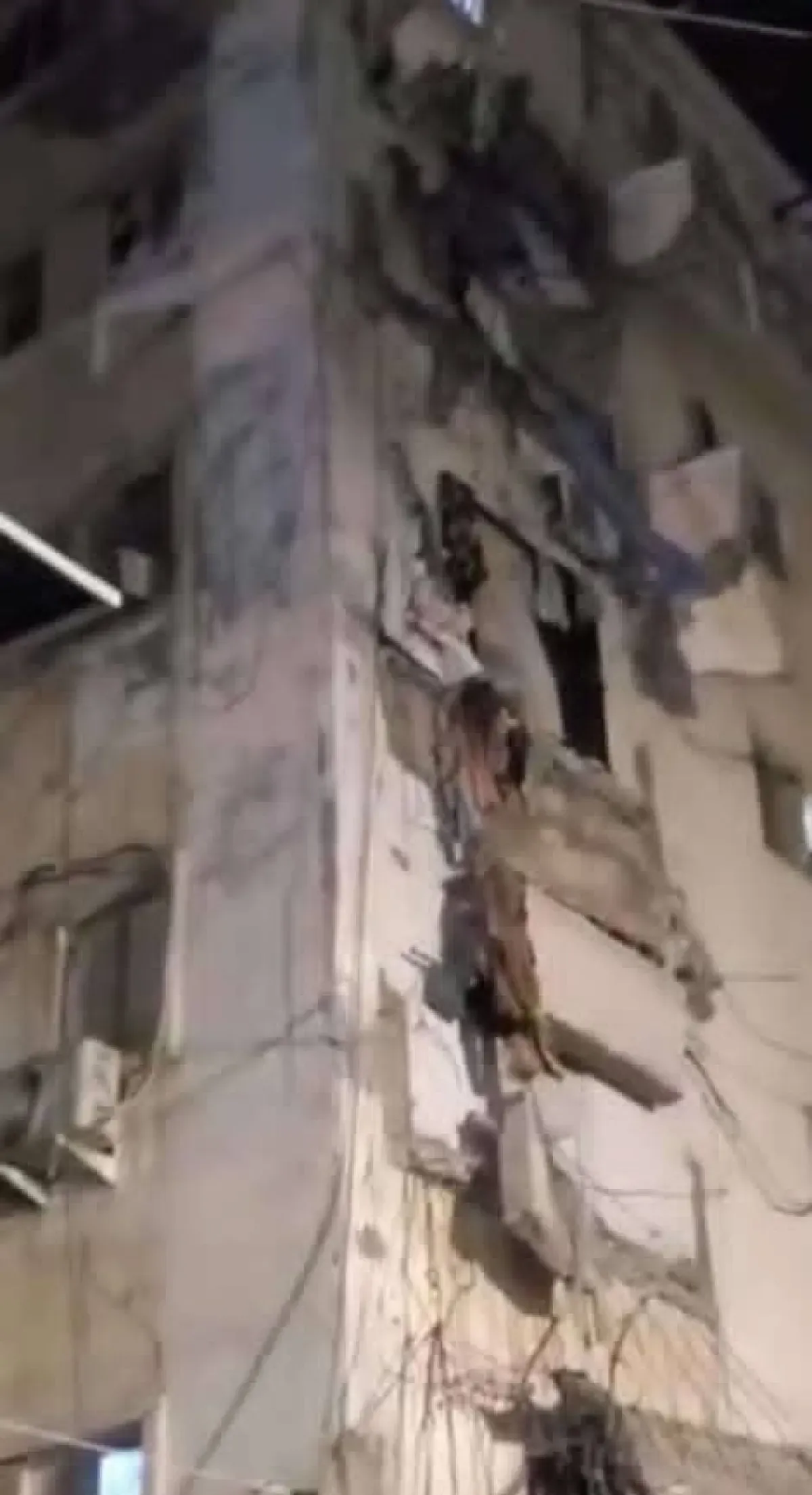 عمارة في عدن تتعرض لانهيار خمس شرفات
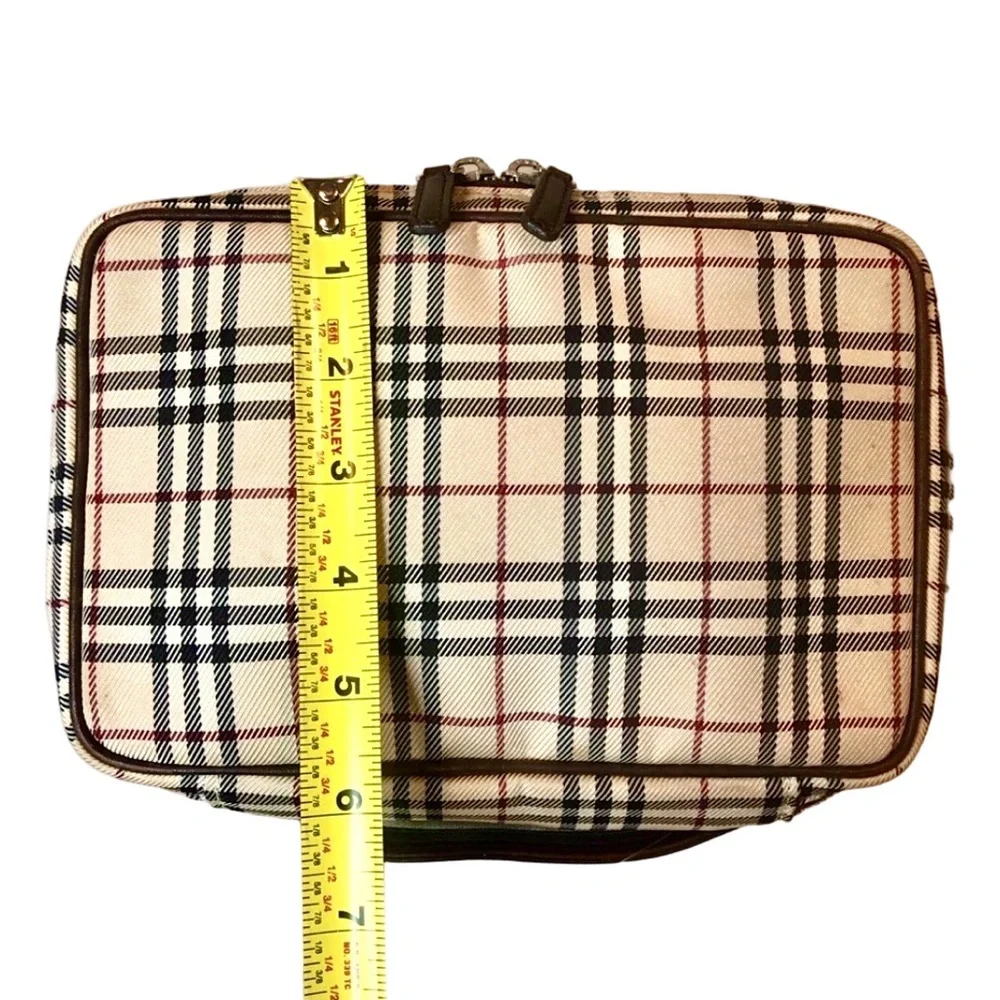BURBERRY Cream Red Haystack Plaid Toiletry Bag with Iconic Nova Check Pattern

******

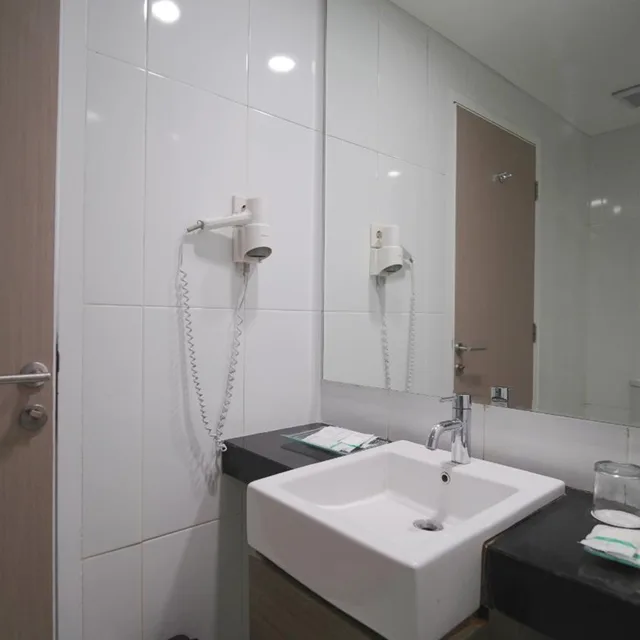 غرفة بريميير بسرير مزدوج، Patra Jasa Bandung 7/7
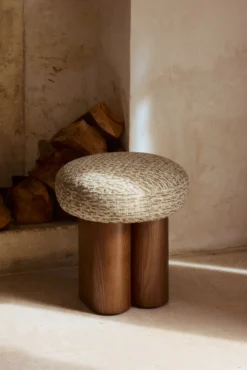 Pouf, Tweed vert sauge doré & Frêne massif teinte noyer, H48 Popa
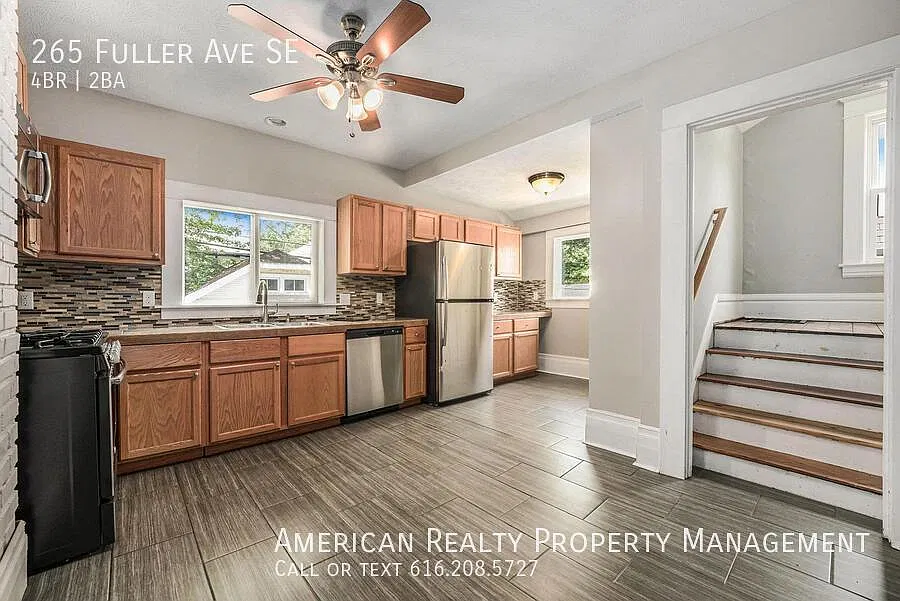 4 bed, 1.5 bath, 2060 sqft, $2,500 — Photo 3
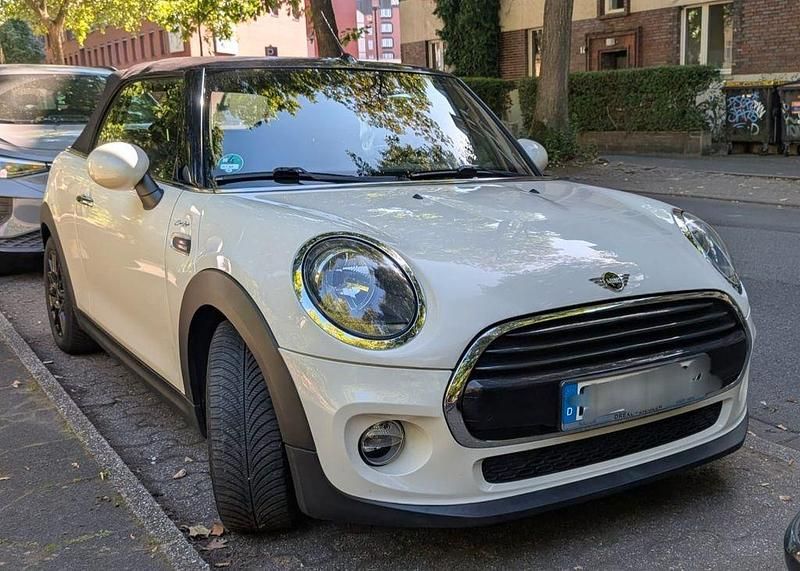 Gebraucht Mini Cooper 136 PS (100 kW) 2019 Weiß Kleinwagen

******

**Your task**
Copy out the listing above from the line containing "غرفة بريميير بسرير" to the line containing "Gebraucht Mini Cooper", both included, exactly as written and minus the images.

**Solution to this task**
 غرفة بريميير بسرير مزدوج، Patra Jasa Bandung 7/7
 Pouf, Tweed vert sauge doré & Frêne massif teinte noyer, H48 Popa
 4 bed, 1.5 bath, 2060 sqft, $2,500 — Photo 3
 Gebraucht Mini Cooper 136 PS (100 kW) 2019 Weiß Kleinwagen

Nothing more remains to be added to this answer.